What is needed:
Below are some entries. Copy each line in them that holds "Chrysler".
++++ Supplied information ++++
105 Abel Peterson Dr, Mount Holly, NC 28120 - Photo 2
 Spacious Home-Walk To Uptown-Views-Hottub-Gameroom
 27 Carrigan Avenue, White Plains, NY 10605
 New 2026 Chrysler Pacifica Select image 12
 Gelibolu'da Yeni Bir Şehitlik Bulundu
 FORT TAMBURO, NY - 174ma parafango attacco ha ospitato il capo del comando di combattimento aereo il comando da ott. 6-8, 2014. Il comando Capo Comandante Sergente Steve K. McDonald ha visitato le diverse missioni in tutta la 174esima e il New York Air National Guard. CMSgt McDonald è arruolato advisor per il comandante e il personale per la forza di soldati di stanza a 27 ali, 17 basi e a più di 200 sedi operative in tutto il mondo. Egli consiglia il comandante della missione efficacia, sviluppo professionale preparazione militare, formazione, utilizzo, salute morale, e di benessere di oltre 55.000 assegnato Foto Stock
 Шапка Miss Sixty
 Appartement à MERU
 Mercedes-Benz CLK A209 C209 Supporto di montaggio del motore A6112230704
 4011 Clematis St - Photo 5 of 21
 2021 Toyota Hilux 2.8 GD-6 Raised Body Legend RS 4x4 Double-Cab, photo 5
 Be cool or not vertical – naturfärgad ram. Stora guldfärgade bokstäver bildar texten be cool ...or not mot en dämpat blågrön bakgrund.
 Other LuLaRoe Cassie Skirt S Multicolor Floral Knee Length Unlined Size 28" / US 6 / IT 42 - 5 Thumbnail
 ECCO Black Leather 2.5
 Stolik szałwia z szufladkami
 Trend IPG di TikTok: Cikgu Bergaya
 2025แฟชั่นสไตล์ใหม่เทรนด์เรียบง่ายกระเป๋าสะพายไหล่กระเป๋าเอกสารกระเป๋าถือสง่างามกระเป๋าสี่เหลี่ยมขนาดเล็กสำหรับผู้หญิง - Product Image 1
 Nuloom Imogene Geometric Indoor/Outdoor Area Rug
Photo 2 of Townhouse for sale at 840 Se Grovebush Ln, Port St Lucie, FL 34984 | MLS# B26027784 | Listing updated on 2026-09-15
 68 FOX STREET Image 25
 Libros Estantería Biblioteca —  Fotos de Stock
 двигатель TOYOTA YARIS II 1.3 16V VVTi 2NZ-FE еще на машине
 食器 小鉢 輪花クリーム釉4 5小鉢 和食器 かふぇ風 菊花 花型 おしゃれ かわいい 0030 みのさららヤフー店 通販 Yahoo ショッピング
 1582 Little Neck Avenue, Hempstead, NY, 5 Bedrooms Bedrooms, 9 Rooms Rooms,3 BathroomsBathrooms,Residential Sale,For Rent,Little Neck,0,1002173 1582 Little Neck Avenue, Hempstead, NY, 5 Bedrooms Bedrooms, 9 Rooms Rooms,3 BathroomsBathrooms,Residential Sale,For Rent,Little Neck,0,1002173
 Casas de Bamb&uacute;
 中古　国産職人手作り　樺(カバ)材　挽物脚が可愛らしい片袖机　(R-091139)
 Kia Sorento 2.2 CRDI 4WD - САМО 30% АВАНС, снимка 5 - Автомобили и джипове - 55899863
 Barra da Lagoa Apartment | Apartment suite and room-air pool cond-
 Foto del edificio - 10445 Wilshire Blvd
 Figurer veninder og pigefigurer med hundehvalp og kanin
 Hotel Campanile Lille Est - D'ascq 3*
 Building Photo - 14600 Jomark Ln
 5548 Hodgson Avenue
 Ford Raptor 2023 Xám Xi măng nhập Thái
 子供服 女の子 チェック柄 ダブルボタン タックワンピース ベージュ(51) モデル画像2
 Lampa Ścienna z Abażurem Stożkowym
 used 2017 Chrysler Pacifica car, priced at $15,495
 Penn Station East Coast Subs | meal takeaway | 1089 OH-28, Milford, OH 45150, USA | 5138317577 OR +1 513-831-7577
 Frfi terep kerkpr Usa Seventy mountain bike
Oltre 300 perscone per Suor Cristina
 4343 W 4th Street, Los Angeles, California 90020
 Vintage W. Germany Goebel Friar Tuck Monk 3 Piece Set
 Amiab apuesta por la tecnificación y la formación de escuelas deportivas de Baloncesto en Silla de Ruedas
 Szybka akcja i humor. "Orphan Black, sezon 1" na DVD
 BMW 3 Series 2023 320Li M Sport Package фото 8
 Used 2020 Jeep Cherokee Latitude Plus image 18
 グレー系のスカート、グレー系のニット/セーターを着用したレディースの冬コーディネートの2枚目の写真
++++
Solution:
 New 2026 Chrysler Pacifica Select image 12
 used 2017 Chrysler Pacifica car, priced at $15,495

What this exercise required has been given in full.